サムの仕事は、採掘機からのヘリウム3が満タンになったよという信号を受けて、採掘機から弾丸のような形の金属製の貯蔵庫を取り出し、車に積んで持ち帰って、月基地の射出ポッドから発射することだけである。その工程も自動化できそうなものなのに、なぜ・・・と思うのだが、人類は今の時代もiPadやiPhoneを使いこなす一方で災害物資をバケツリレーであくせく運んだりしているので、ある意味リアルな設定のような気もしてきた。しかし、それにしてもサムとサムのクローン達を生かすためのコストがかかりすぎではなかろうか。もしも月に人間を住ませたらどうなるか、という人体実験も兼ねているという裏設定があるのだったら、納得いくのだが。あと、他のレビュアーの方も書いていると思うけど、最後のナレーションは完全に蛇足だったと思う。まぁ宇宙戦争の最後のナレーションみたいなもので、オチがどうなるかは別にこの映画の本質ではないので、別に逆にとってつけたオチでいいでしょ、というメッセージなのかもしれないが。でも、ないほうが余韻があってよかったんじゃないかしら。

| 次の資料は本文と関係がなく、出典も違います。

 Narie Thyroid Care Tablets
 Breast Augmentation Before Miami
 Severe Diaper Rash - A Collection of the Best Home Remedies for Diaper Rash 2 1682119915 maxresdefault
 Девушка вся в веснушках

実際、この映画の見所はSF的な細かい設定ではなく、サム・ロックウェルの一人二役の演技と、それを違和感なく見せている映像処理技術だろう。二人のサムががっつり画面に写り込んだ状態で、談笑したり喧嘩したりするシーンが結構あるが、ほとんどやりとりに違和感がない。どこかの方のレビューで読んだが、これはサムロックウェルが、もう片方のサムがいる”体”で演技をした映像同士を、あとから合成したらしい。つまり相手なしの一人芝居✗2のあわせ技だが、アクロバティックすぎやしないか。逆に自分が演じるからこそ、ここまで違和感なくやってのけられたのだろうか。その境地の心境については想像するしかないが。

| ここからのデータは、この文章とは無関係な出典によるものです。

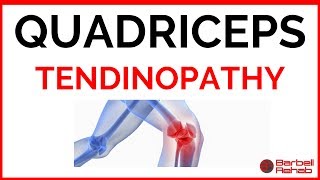 How to Manage Quadriceps Tendinopathy [upl. by Liddy267]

また良いのは、冒頭にも書いたが、一人芝居✗2だけど、決して同じ人間を二人ぶん演じているのではないことだ。片方は3年若い分人生経験が浅く、片方は3年老いていて死にかけである。また、それぞれが持っている情報も違うので、ある物事が置きたときのリアクションが微妙に異なってくる。当たり前のことだが、一人の人間に、こんなにも多彩な可能性があるのだということを、改めて教えられた気分になった。また、どんなに状況に左右されようとも、その人の魂の芯の部分はそうそう変わらない、ということも確認できる。

若いサムを地球に脱出させるために、瀕死のサムの死を偽装しようと、彼らは故障した車に向かう。その道中、二人のサムが妻と娘の思い出話をして笑い合うシーンがある。彼らは二人ともクローンなので、それらは実際は人工的に植え付けられた記憶にすぎないし、彼らもそのことはわかっている。しかし、二人にとっては、人生の心の拠り所そのものだった。そして、それを共有し合える相手は、隣りにいる「自分」しかいないのだ。借りにクローンでなかったとしても、どうだろう。人は生まれるときも死ぬときも一人という。人生最後の瞬間は、このように己自身と向き合い、労をねぎらいあうことになるのかもしれないと思った。